Ich hab keine andere HDD für den Server, und eine neue ist für einen armen Schüler nicht nur viel zu teuer, sondern auch noch viel zu groß. Ich will doch noch WAMP drauf laufen lassen ;(


----------



## Fabian (18. Mai 2003)

Och.. Geh aufn Flohmarkt oder so ;] Oder eBay..


----------



## maxextrem (18. Mai 2003)

> armen Schüler



morgen müsste wieder ein Brief von der Gesellschaft für Zahlungssysteme MBH kommen


----------



## Fabian (18. Mai 2003)

*bahnhof*


----------



## maxextrem (18. Mai 2003)

am achtzehnten kommt Kreditkartenabrechnung, am zwanzigsten wird das Geld vom Konto eingezogen, und am ersten krieg ich erst wieder Cash. 

Das sind 10 ganze Tage kurz vorm Hungertot.
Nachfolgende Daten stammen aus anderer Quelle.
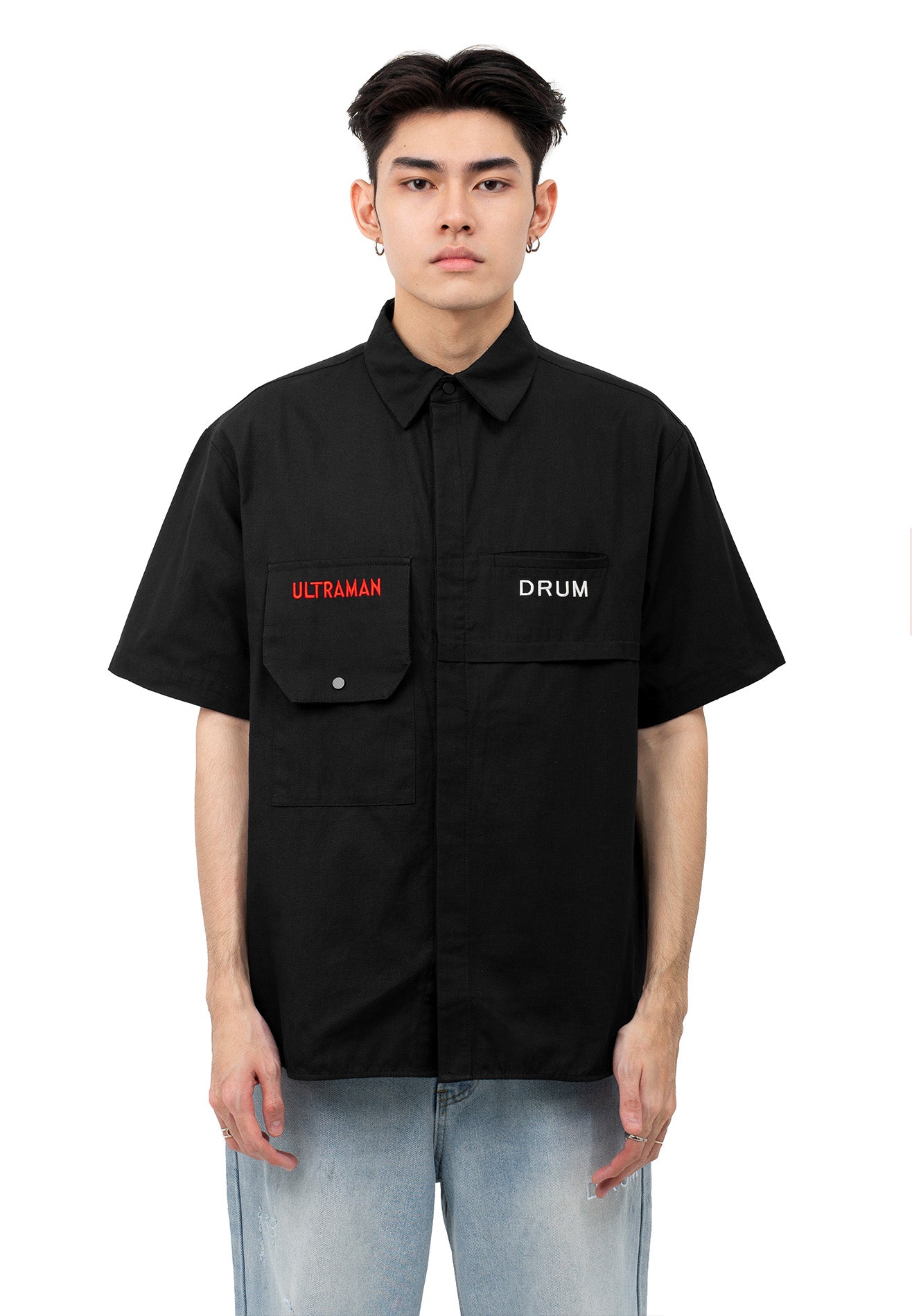 DRUM | ULTRAMAN Embroidery Casual Short Sleeve Work Shirt- Black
Da ist nix mehr mit HDD kaufen


----------



## melmager (19. Mai 2003)

jetzt komme ich ins Grübeln



> am achtzehnten kommt Kreditkartenabrechnung,



und



> armen Schüler



Warum bekommt ein Schüler ne Kreditkarte ?


----------



## Thomas Lindner (19. Mai 2003)

Jungs, Jungs, ihr werdet hier derbst  , versucht mal elegant wieder back2topic zu kommen....


----------



## maxextrem (19. Mai 2003)

mel.:
weil ich a) 19 bin, übermorgen meine letze abiprüfung habe und ich in so einem klitzekleinem Dorf wohne, wo jeder jedem kennt. Also auch den Bankdirektor.
Und bei 315Euro/Monat ist man arm 

Thomas L.:
Ich lade dich herzlich ein, mir zu verraten, worans liegen könnte


----------



## Fabian (19. Mai 2003)

An den Schülern..
So, back to Topic! 

Ja, dann musst du dir halt ne neue Festplatte kaufen. Fuer 40 € bei eBay z.B. 

(Gut gemacht oder?  )


----------



## maxextrem (19. Mai 2003)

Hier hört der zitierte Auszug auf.